Alors, ça papote sur les plateaux, ça interroge sur l’inconduite, la gaminerie de l’athlète, personne ne parle de l’explosion joyeuse de cet homme nouveau qui est venu là pour la fête et non pas pour les basses besognes de ceux qui comptent les breloques. La rumeur n’a pas le temps de s’installer car le jury réagit vite et bien, qui le sanctionne d’un carton jaune, un peu à la manière des arbitres de foot qui agitent la même couleur lorsqu’un joueur quitte son maillot, après avoir marqué un but. C’est un coup de semonce, mais c’est la décision d’un jury souverain qui pense à hauteur d’homme et qui prend la mesure d’un geste qui n’est pas celui d’un tricheur, ni d’un provocateur. D’après l’article machin du règlement Ubu, il n’avait pas le droit de se dévêtir avant de prendre sa douche. Certains murmurent même qu’il s’agit là d’un acte antisportif. Mes oreilles s’échauffent, car tous les commentaires effacent la course, ce merveilleux spectacle que viennent de nous offrir les coureurs du 3000 steeple, mon épreuve préférée. L’affaire est lancée, le sport est dans l’oubli, car les chercheurs de bronze Espagnols veillent et portent réclamation. Ils ont dû calculer, de manière peu savante mais combien efficace, qu’ils pouvaient faire disqualifier le vainqueur et permettre à un de leurs coureurs, quatrième, de monter d’un cran sur le podium. Pour moi, trop c’est trop ! Je le savais, mais que la course aux médailles l’emporte sur la course réelle, à ce point, j’ai du mal à le digérer.

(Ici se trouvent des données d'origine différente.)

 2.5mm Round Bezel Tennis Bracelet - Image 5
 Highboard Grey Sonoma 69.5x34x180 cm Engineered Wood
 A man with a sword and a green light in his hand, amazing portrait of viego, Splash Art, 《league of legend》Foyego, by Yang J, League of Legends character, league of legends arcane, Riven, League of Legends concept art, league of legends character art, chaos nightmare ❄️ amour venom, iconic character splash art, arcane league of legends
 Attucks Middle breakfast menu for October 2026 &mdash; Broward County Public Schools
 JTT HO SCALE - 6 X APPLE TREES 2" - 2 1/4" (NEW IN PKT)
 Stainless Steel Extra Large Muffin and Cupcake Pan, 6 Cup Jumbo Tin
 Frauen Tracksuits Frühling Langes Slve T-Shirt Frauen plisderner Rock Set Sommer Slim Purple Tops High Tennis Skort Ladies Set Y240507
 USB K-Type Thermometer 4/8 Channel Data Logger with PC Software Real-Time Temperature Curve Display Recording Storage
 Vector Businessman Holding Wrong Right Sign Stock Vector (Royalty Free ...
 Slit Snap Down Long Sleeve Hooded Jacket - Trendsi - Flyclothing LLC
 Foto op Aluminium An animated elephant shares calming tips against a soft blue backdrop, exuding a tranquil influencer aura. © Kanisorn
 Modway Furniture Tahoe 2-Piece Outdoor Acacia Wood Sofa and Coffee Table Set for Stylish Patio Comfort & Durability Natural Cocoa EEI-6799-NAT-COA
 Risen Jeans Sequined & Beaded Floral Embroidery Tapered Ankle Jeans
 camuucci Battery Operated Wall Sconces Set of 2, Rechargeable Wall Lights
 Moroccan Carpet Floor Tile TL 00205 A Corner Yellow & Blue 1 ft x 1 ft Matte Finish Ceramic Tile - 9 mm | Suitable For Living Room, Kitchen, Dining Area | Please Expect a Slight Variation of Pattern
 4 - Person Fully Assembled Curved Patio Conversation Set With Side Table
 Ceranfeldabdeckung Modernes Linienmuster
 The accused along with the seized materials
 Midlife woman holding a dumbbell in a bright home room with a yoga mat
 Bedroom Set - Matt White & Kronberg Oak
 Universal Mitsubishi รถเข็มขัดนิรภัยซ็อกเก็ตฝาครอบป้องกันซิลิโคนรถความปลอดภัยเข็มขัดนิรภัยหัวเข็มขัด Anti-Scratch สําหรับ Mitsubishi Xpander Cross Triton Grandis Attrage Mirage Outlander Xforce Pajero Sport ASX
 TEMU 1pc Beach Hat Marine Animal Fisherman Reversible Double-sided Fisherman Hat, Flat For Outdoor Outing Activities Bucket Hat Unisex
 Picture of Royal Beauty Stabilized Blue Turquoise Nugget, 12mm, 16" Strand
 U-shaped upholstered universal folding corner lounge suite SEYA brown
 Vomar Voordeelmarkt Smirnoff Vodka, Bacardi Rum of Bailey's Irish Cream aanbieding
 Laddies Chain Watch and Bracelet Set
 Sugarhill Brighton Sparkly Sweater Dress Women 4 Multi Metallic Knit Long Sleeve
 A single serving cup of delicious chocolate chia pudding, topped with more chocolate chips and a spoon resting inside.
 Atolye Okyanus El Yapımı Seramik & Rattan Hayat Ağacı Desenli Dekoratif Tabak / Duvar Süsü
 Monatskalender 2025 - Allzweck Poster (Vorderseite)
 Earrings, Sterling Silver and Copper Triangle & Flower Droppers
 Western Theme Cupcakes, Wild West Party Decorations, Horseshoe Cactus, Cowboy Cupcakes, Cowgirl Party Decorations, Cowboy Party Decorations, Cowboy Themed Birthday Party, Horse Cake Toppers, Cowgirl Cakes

Pour moi, la réclamation espagnole est le geste le plus antisportif qui soit, car faire perdre un athlète qui n’est pour rien dans la défaite des autres, ça dépasse mon entendement. Mais enfin, non seulement il les bat à la régulière, mais encore il invente un obstacle de plus pour lui, le retrait du maillot en pleine course : faites donc l’essai de retirer votre tricot de corps pendant que vous courez.
Et puis, la nouvelle tombe de la bouche d’une officielle qui sourit (étrange ce sourire) en déclarant que Mahiedine Mekhissi-Benabbab est disqualifié et que, par conséquent, c’est Yoann Kowal qui est proclamé champion d’Europe. Eh bien non ! il n’est pas le champion, il est le deuxième, ce qui est remarquable, et l’Espagnol le quatrième. Ils peuvent faire et dire ce qu’ils veulent, le vainqueur c’est Mahiedine, victime d’un règlement que tout le monde ne devrait pas ignorer mais que pourtant personne ne connaît vraiment.
Des pantins hypocrites ont frappé ! C’est une véritable pantalonnade.
En effet, le jury dit souverain s’est disqualifié en oubliant la première décision en jaune qui était suffisante pour respecter, dans l’esprit, la règle.
C’est tout simplement une dévastation de la morale. Comment ne pas penser à celui qui va se retrouver sur le plot de bronze, qui sait parfaitement qu’il usurpe ce titre et que sa délégation lui donne le rôle peu enviable d’imposteur. C’est un vol !
Sur le plateau de France 2, l’animateur s’insurge, se reprend, mais ne peut contenir sa colère, avec le soutien d’une athlète française qui trouve la réclamation espagnole choquante et déplacée. J’aime les gens qui manquent parfois de retenue, fidèles à leurs émotions et qui, dans toutes circonstances, ne craignent pas la critique des gestionnaires de la pensée correcte.
Maintenant, je rêve d’un podium où le coureur espagnol refuserait de monter à la place qu’il n’a pu atteindre et où les deux autres athlètes décideraient de laisser la place du premier vacante.
Dans cet événement singulier et joyeux, Mehiedine n’a vu aucune malice. Son sourire, son torse nu et sa joie de vaincre ont donné naissance à un éclair de clarté qui a semé le trouble et m’a enchanté. J’espère seulement qu’il sera présent au départ du 1500 mètres pour une nouvelle aventure des limites là où la vie humaine devient lumineuse par la seule volonté des athlètes.